´Luca Turilli´s Rhapsody: „Prometheus – Symphonia Ignis Divinus”

rhapHolla, die Waldfee – Cineatic Metal trifft es schon ganz gut, was der Kopf von Rhapsody mit seiner Crew hier gezaubert hat. Ein songwriterisches Meisterwerk, daß mehr einer Oper und einer Inszenierung gleich kommt als einem herkömmlichen Musik-Album. Der Hang zu filmischen Einsprengsel ist bei Luca Turilli ist ja spätestens seit der Einbindung des Themas aus „Phenomena“ echt kein Geheimnis mehr und wenn ein Musik schon auf Filme der Marke Argento musikalisch zugreift, Christopher Lee (R.I.P.) mit an Bord holt… klar, daß die Reise dann irgendwann eventuell in etwas Großem endet.

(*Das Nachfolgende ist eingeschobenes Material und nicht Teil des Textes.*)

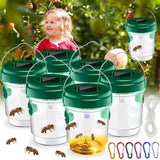 6 Pack Wasp Traps Outdoor Hanging Solar Wasp Killer Reusable Bees Trap with UV LED Light Solar Powered Hornet Trap for Indoor Outdoor Patio Garden Home with Snap Hooks and String (Orange)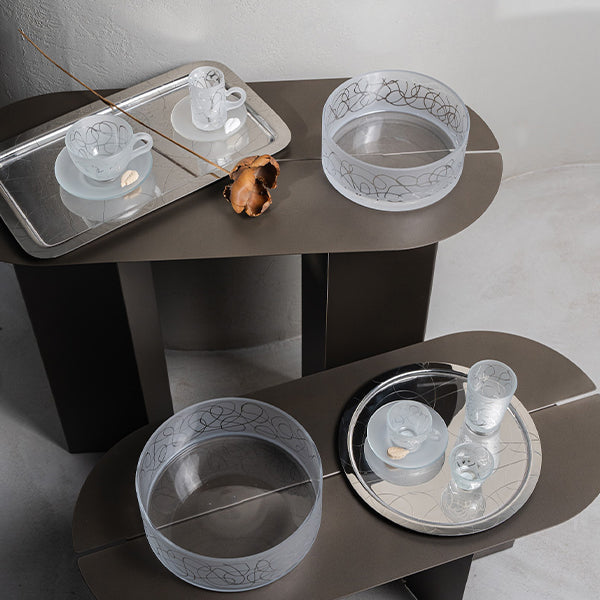 Abstract Cake Stand W Glazed Satin 22CM - طبق تقديم بنقشة Abstract قاعدة 22سم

„Prometheus“ beginnt mit einem furiosen Auftakt, hochelegant, die Dramatik durch mehrstimmige Parts untermauert und spektakulär verwobenen Chanons. Allgemein finden sich häufig vielfache Gesangslines, mehrstimmige Choräle auf diesem Album, die die Dynamik und den Opern-Touch natürlich ganz klar noch mehr zum Tragen bringen. Theatralik in italienischer Eleganz und Erhabenheit möchte man sagen. Über die technischen Finessen des melodischen, klassischen und virtuosen Metals noch ein Wort zu verlieren, erübrigt sich irgendwie. Handwerkliche Klasse trifft auf ausgeklügelte Kompositionen, inbrünstige Vocals, gekonnte Transparenz und nie ein zu viel an Bombast. Obgleich man an dem beim Songwriting echt nicht gespart hat.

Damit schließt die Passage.